Top of DATA FOR REVIEW

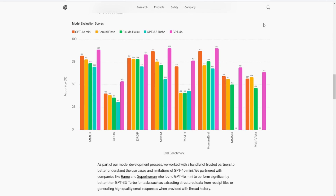It excels in tasks such as conversational AI, text completion, and basic translation, offering a balance between efficiency and functionality. However, it may not match the nuanced understanding and depth of responses provided by the full-sized GPT-4 model. Compared to other compact models, Chat GPT-4o Mini strikes a commendable balance, providing advanced AI capabilities without the need for extensive computational power, thus making cutting-edge AI more accessible.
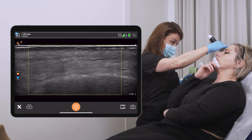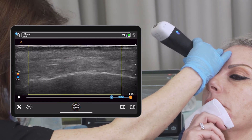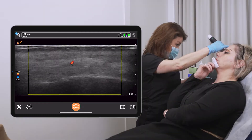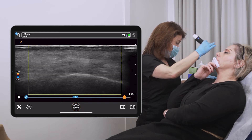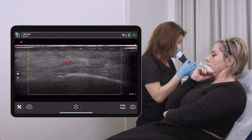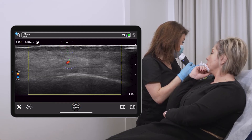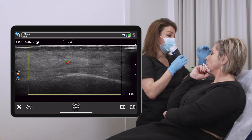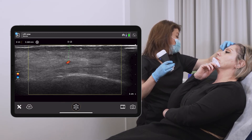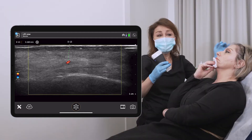The supraorbital artery is more lateral, exiting from the supraorbital foramen — and there it is, right at the foramen. The measured depth here is 2.9 centimeters — so the arteries are at approximately 2.9 to 3 millimeters depth. This is an area where I would not want to inject.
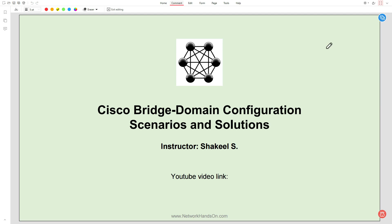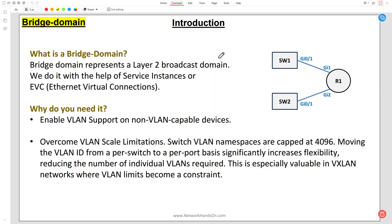Hi everyone, in this video we will see how bridge domain works on a Cisco device. A bridge domain represents a Layer 2 broadcast domain. We do it with the help of service instances, or EVC - Ethernet Virtual Connections. We will see shortly how to make it, but for now just keep in mind that we do it with the help of EVCs.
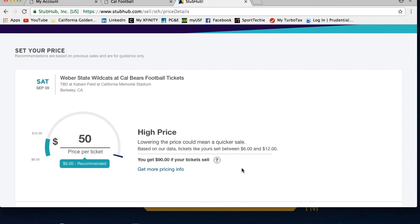Congratulations, you just posted your tickets on StubHub. Happy selling, thanks for watching, and Go Bears!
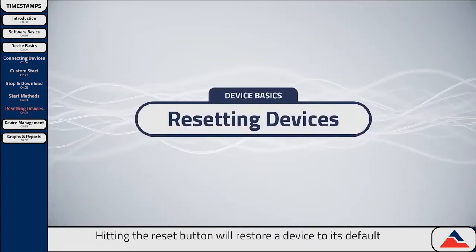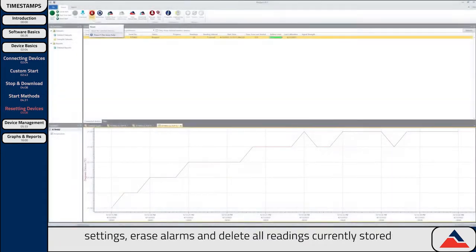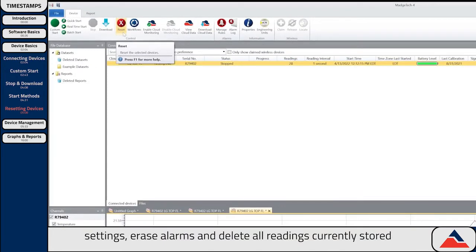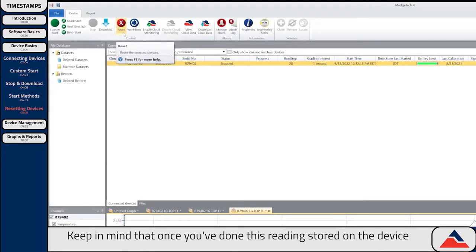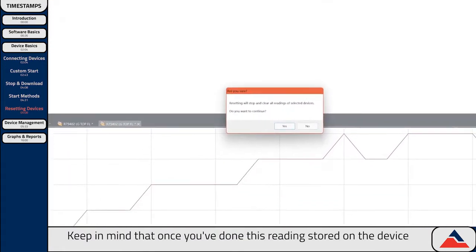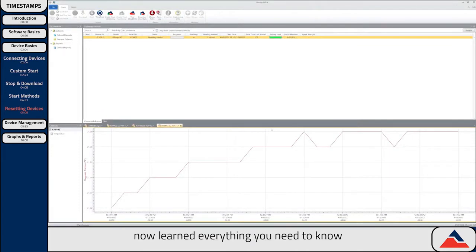Hitting the Reset button will restore a device to its default settings, erase alarms, and delete all readings currently stored on the device. Keep in mind that once you've done this, readings stored on the device cannot be retrieved, so ensure you've downloaded all necessary data before doing a reset. And with that, you've now learned everything you need to know in order to use your device to record data.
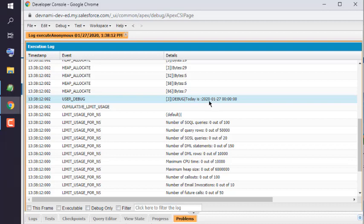So you get the idea how to use Date data type in Apex with Developer Console.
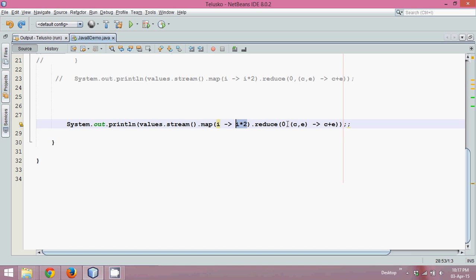So if you have a stream of values, from that stream of values you can find one answer. Maybe aggregation, maybe average, maybe addition, maybe some other operation.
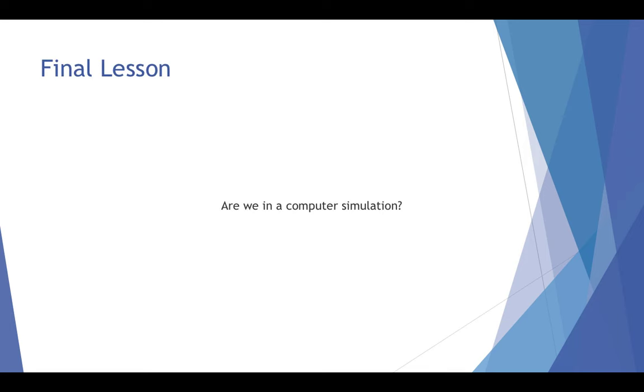In the final lesson, we're going to have a look at, are we in a computer simulation? It's a very interesting topic. There's a lot of questions that don't really get answered because there are a lot of questions that can't really be answered in that lesson, which will be the next lesson and the final lesson.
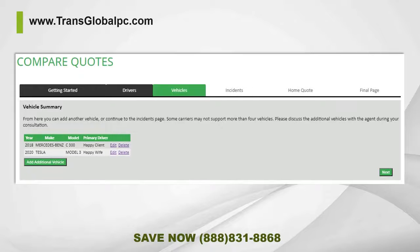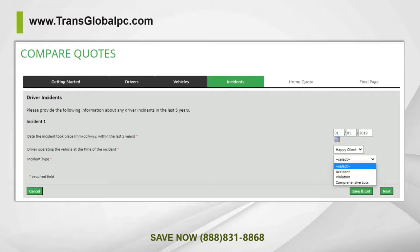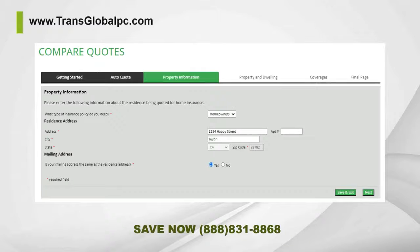If you have any violations within the past three to five years, be sure to input the detailed information, as that will greatly impact the rate. If you own a home, you'll want to bundle it with your auto to maximize your discounts, as the multi-policy discount given can be up to at least 30%.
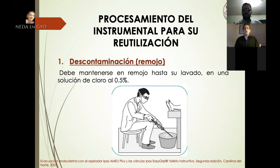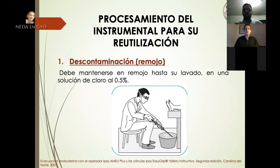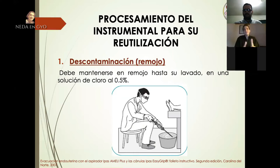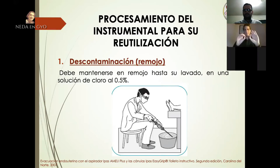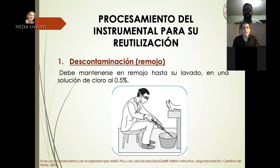En cuanto al procesamiento del instrumental para su reutilización, el primer paso es la descontaminación o remojo en una solución de cloro al 0,5%. Es importante realizarla inmediatamente posterior al legrado con AMEU, porque mientras más tiempo duren la sangre y los restos, más difícil será retirarlos. Cuando se hace recién terminada la aspiración, se pueden retirar fácilmente, y gracias a esto se facilita la técnica de esterilización con menor riesgo de complicaciones e infecciones.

Bottom of DATA FOR REVIEW

* **PROMPT**: Please repeat the lines of the material above exactly, starting with the line that contains "Hi everyone, in" and ending with the line that contains "So you get the". Leave the pictures out.

* **ANSWER AREA**:
Hi everyone, in this video we will see how bridge domain works on a Cisco device. A bridge domain represents a Layer 2 broadcast domain. We do it with the help of service instances, or EVC - Ethernet Virtual Connections. We will see shortly how to make it, but for now just keep in mind that we do it with the help of EVCs.
Congratulations, you just posted your tickets on StubHub. Happy selling, thanks for watching, and Go Bears!
Hitting the Reset button will restore a device to its default settings, erase alarms, and delete all readings currently stored on the device. Keep in mind that once you've done this, readings stored on the device cannot be retrieved, so ensure you've downloaded all necessary data before doing a reset. And with that, you've now learned everything you need to know in order to use your device to record data.
So you get the idea how to use Date data type in Apex with Developer Console.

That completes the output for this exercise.